The Scottish International Storytelling Festival – one of the most admired storytelling events in the world – is now underway.
This year’s event, Beyond Words, will run until 31 October in Edinburgh, encompassing a wealth of cultures, traditions and styles.
Prepare to enter a world of stories within the Festival City. The 31st Festival celebrates old traditions and new connections, showcasing how music, dance and story communicate shared experiences that are ‘Beyond Words’.
First Nation and Scottish tradition bearers share their heritage, while contemporary narratives explore the role of storytellers in the 21st century.
Invited guests perform in Edinburgh and tour Scotland, encouraging grassroots storytelling in the community, showcasing over 80 storytellers from home and away.

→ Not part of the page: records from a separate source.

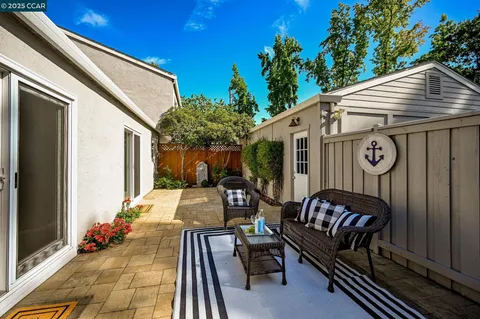 a view of a patio with table and chairs and potted plants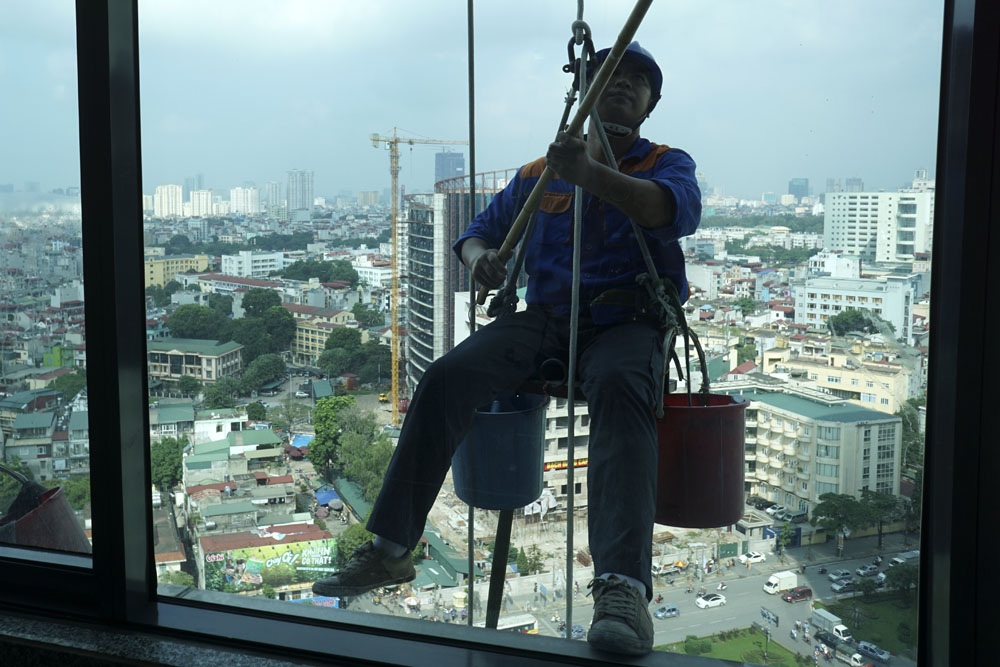 
Lỉnh kỉnh cùng người thợ là 2 xô đựng các loại dụng cụ như dụng cụ lau kính, hóa chất tẩy rửa, nước uống... Ở độ cao chóng mặt, mọi dụng cụ cần được bảo vệ chắc chắn để phòng tránh gây tai nạn cho người phía dưới và chính bản thân người thợ.
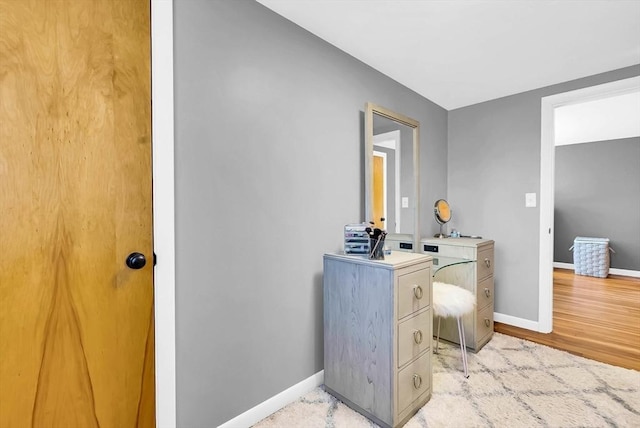 bathroom featuring baseboards and wood finished floors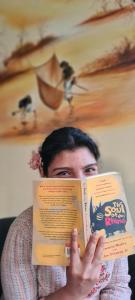 BharatpurNana Jungle Resort的女人在脸前拿着一本书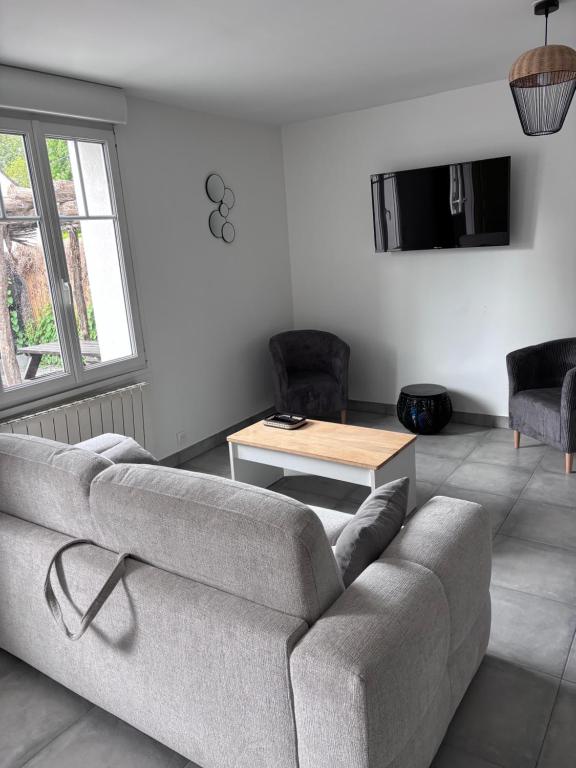 a living room with a couch and a table at Maison proche plage in Merlimont
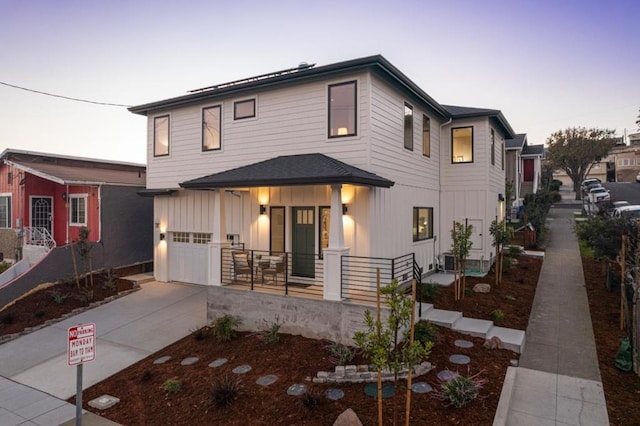 view of front of property featuring a porch and a garage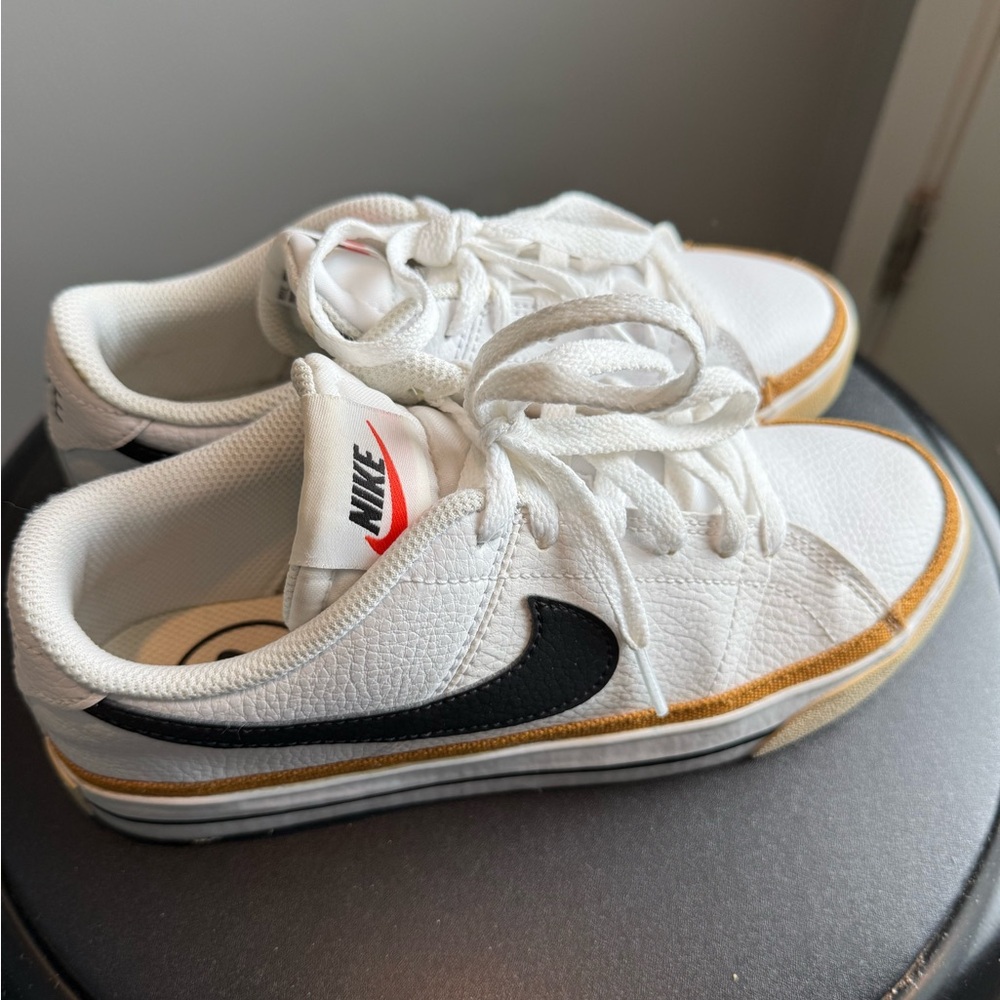 Nike Kids White and Black Sneakers with Gold Accents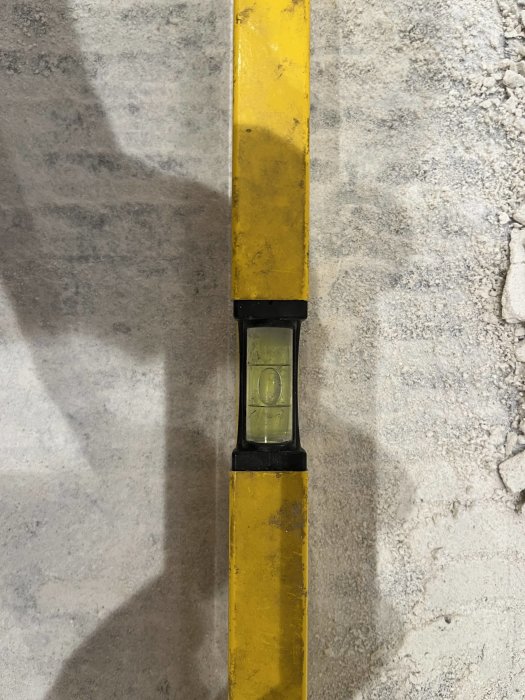 Vattenpass centrerat på gult och slitet verktyg mot betongyta.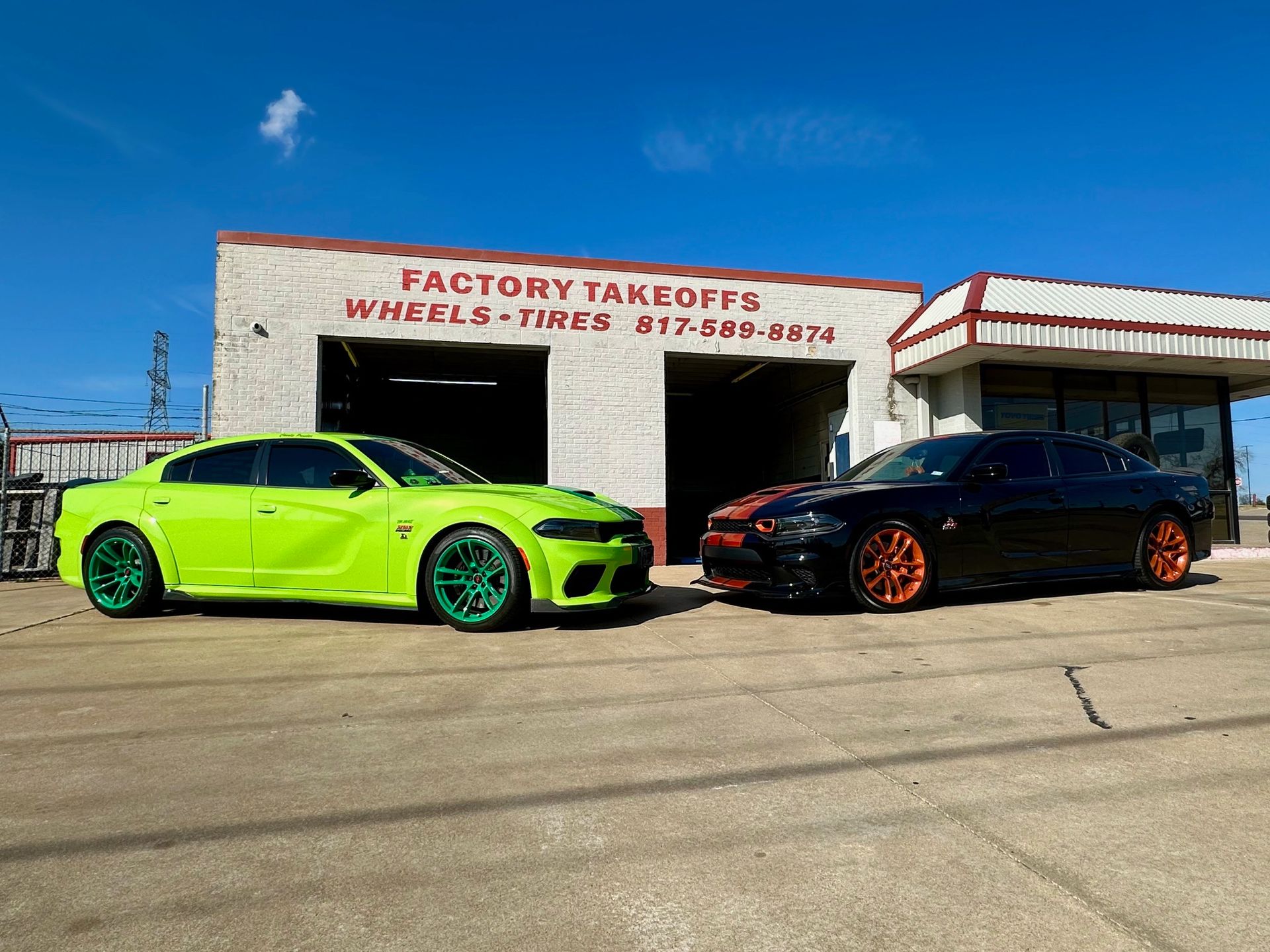 Two cars are parked in front of a garage.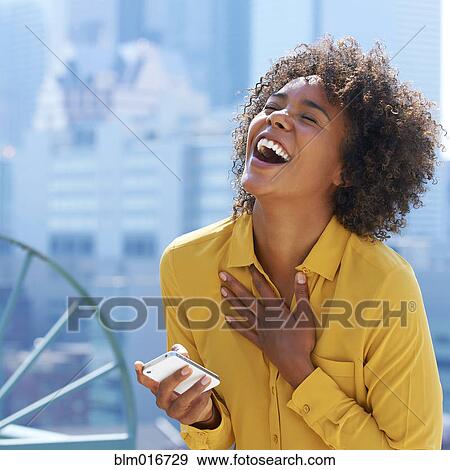 Black woman using cell phone View Large Photo Image Stock Photo - Black woman using cell phone. Fotosearch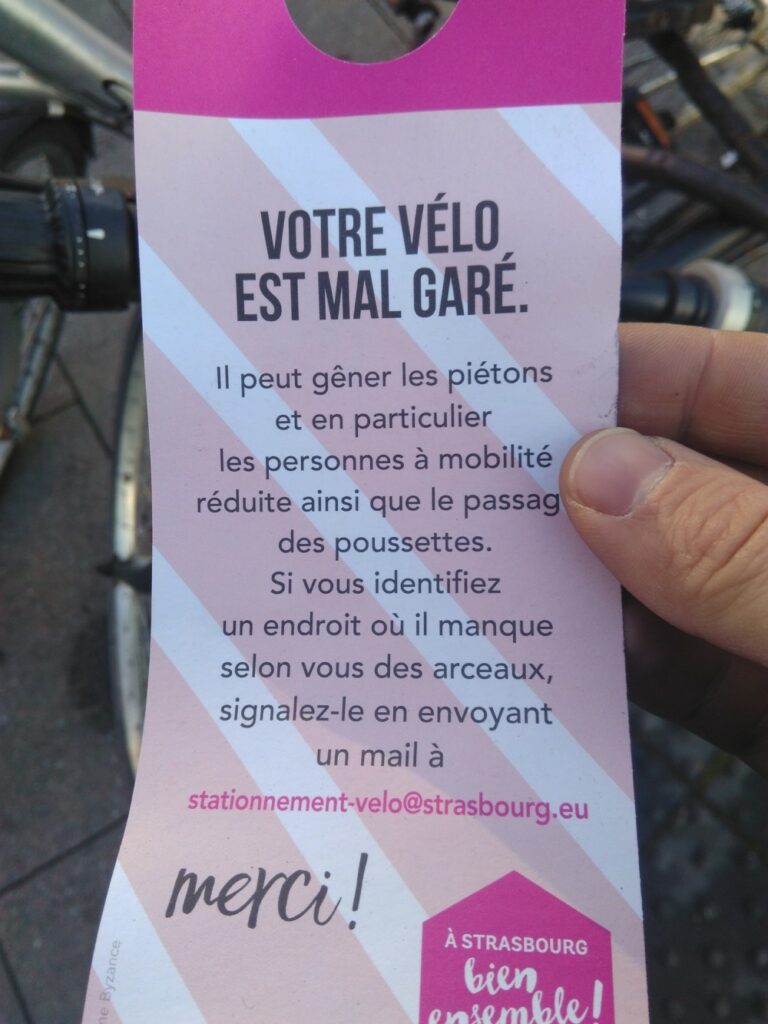 Un flyer type accroche porte avec écrit "Votre vélo est mal garé.
Il peut gêner les piétons et en particulier les personnes à mobilités réduite ainsi que le passage des poussettes. 
Si vous identifiez un endroit où il manque selon vous des arceaux, signalez-le en envoyant un mail à stationnement-velo@strasbourg.eu"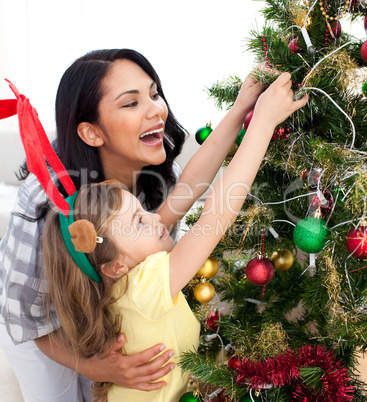 Mother and daughter decorating a Christmas tree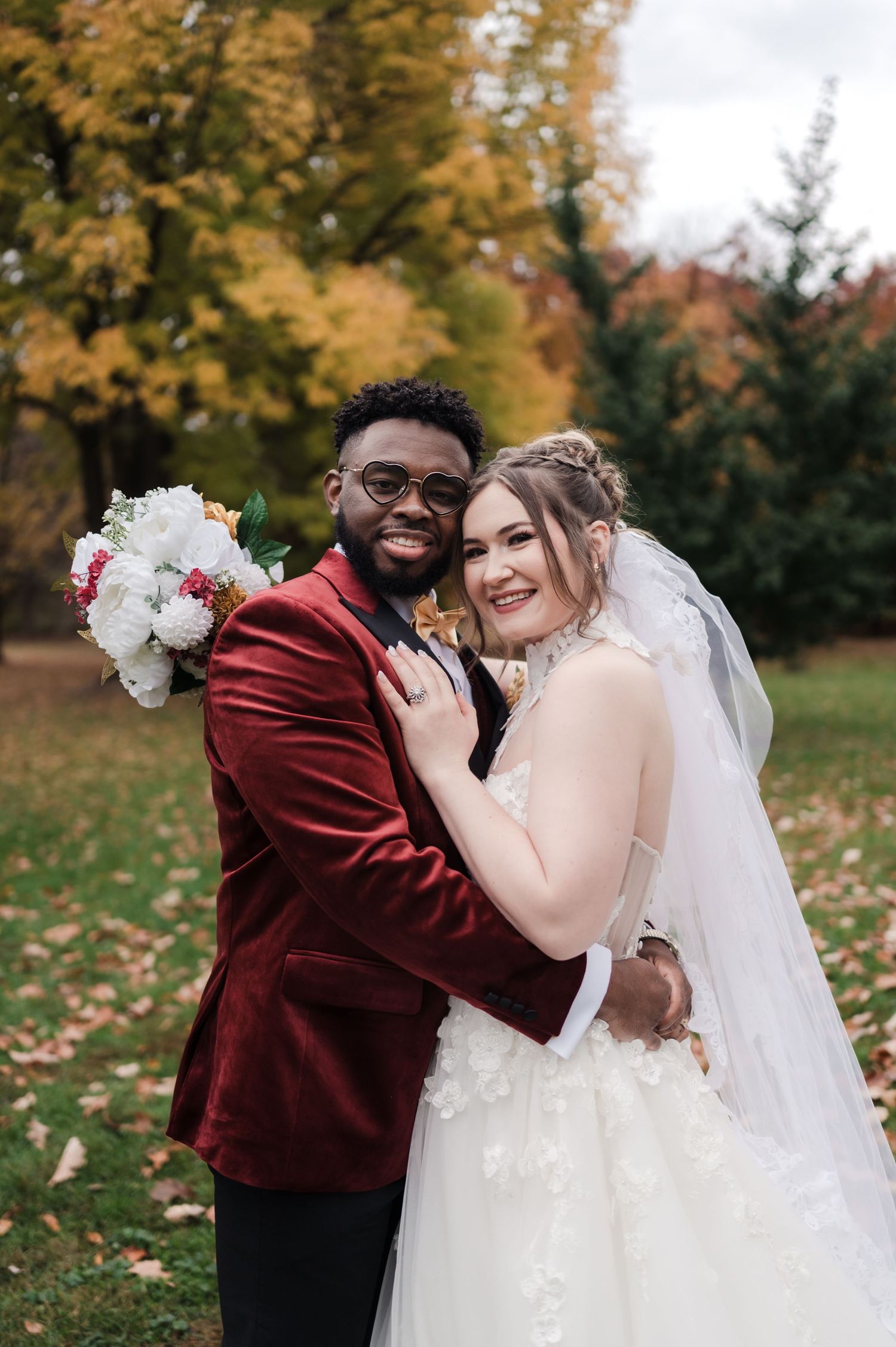 A couple shares joyful moments during their autumn wedding photoshoot with golden foliage in the background.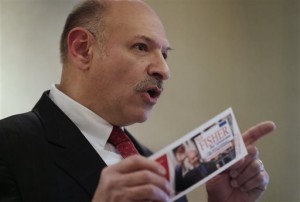 CRepublican candidate for governor of Massachusetts Mark Fisher displays a campaign brochure while facing reporters during a news conference at a hotel in Boston yesterday. Fisher addressed the Republican party's offer to allow him on the primary election ballot if he agrees to put off a lawsuit challenging the disputed results of the GOP state convention. (AP Photo/Steven Senne)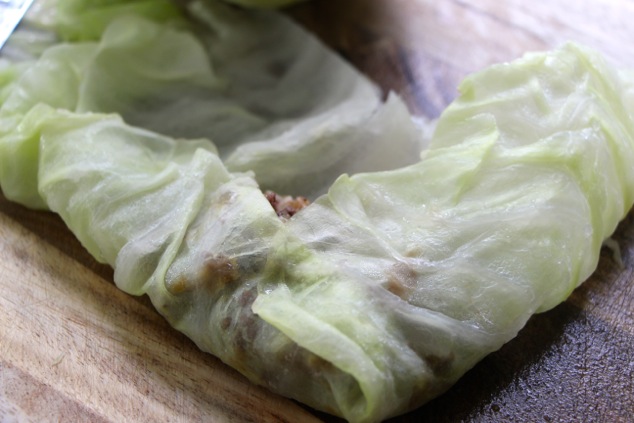 folding in the side of the cabbage leaf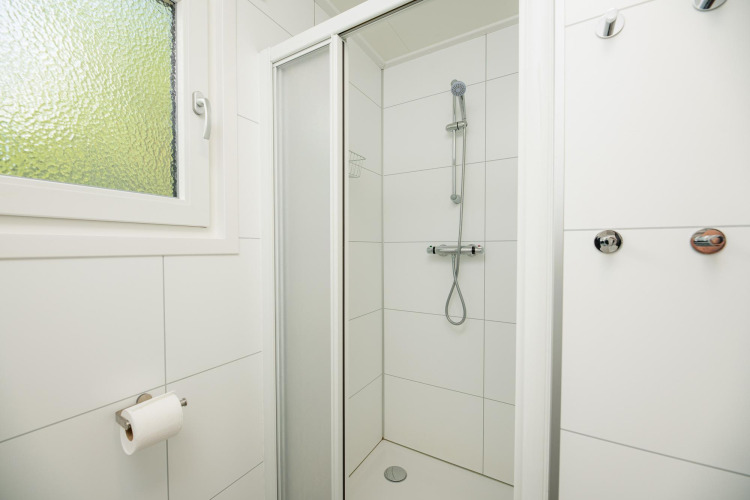 Moderne Duschkabine mit weiß gefliesten Wänden, Fenster und Haken in der Veluwe Lodge, Niederlande.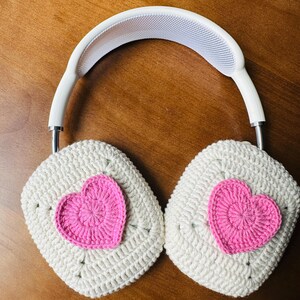 May include: White crocheted headphone covers with pink crocheted hearts on each earcup.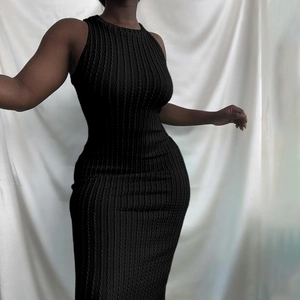 Detail shot of the vertical ribbed knit texture on this slim fit black sleeveless dress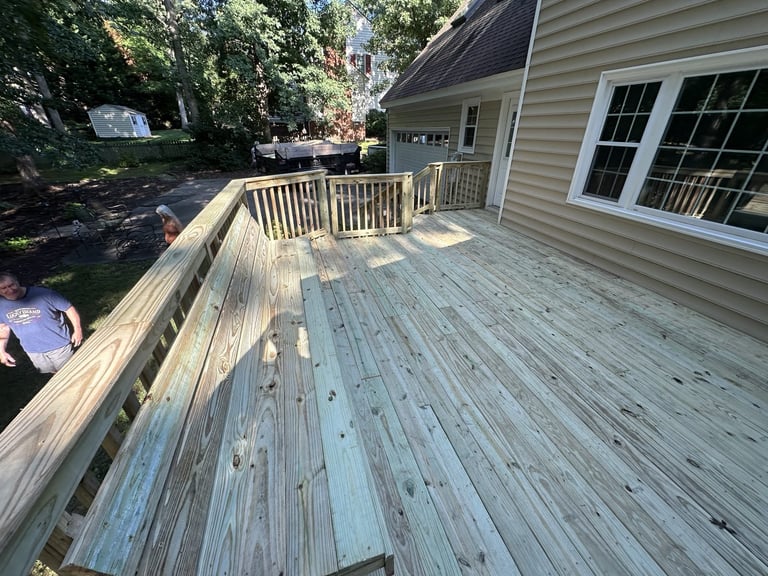 Weathered wooden deck with white railings attached to a beige house, Richmond VA area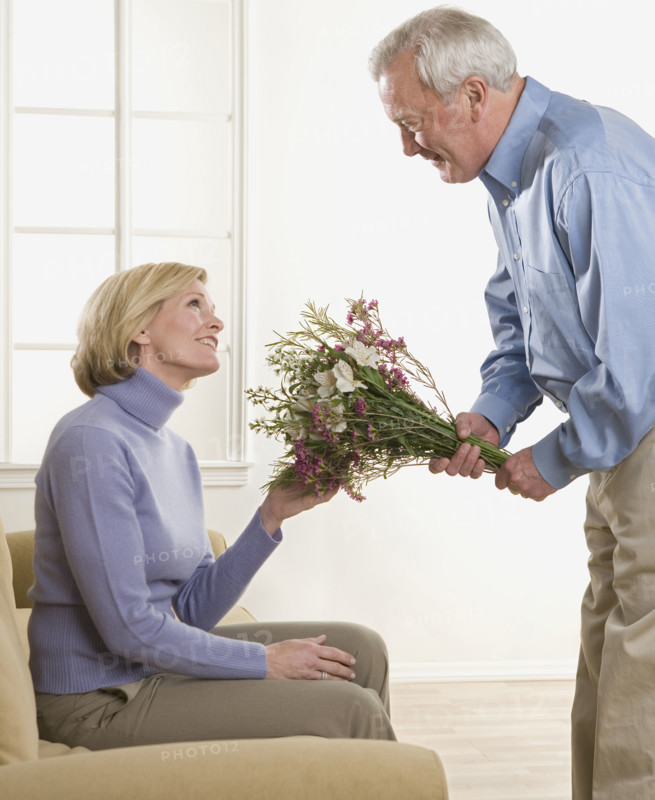Man giving flowers to his wife.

This year’s Scottish International Storytelling Festival is the first to benefit from increased funding. The Festival has been awarded £100,000 by the PLACE (Platforms for Creative Excellence Fund) set up jointly by the Scottish Government and the City of Edinburgh Council.
With this new support the Festival has created the world’s first Global Storytelling Lab, which will explore how storytelling worldwide can help tackle the Global Climate Emergency. The Lab will blend indigenous traditions with new tales of radical activism.
In addition to First Nation storytellers, the Lab will hear from Chief RoseAnne Archibald of Ontario, Brazilian storyteller Anamaria Lines fresh from a spell in the Amazon Rainforest, the Skye Seanachaidh Seoras Macpherson, and Extinction Rebellion activist Grian Cutanda. He will launch the world’s first anthology of Earth Stories, aligned with the principles of the Earth Charter, at the Lab.
Also funded is the Festival’s first Community Programme, supporting 100 locally led events across Scotland. From Sea Scouts to community woodlands, mental health groups to heritage sites, nature reserves to women speaking out, the Community Programme empowers Scotland’s people to give voice and share their own stories.
The programme is enabled by a network of storytellers and activists in communities across Scotland, and by the Festival’s guest artists who travel out of Edinburgh to meet and support local groups.
Thirdly, the Scottish International Storytelling Festival is commissioning ten Creative Place projects, allowing storytellers to engage with new themes and audiences. Amongst these is a community heritage project in The Cabrach in Moray, one of Scotland’s most de-populated rural areas. This will support storyteller Jackie Ross from Lumphanan to collect and weave local stories in Scots, and to help articulate The Cabrach story, past, present and future.
In Edinburgh, by contrast, storytellers Fergus McNicol and Ron Fairweather (known as Mak-a-Story) and Jane Mather are working in the extended urban areas of Lochend, Craigentinny and Restalrig to unearth forgotten stories, songs and street rhymes. The area has rich heritage and culture ripe for revival and celebration.
Donald Smith, Scottish International Storytelling Festival Director, said: ‘This new funding is a huge boost for the Storytelling Festival. We are already indebted to the Scottish Government Festival Expo Fund, Creative Scotland and Edinburgh City Council, but with PLACE we can go further and deeper. We hope very much that we will be able to build on this over the next two years.’
Ruth Kirkpatrick, chair of the Scottish Storytelling Forum, added: ‘‘This year’s local events have been snapped up. There is a hunger for the kind of community belonging, and the hospitality that traditional storytelling fosters.’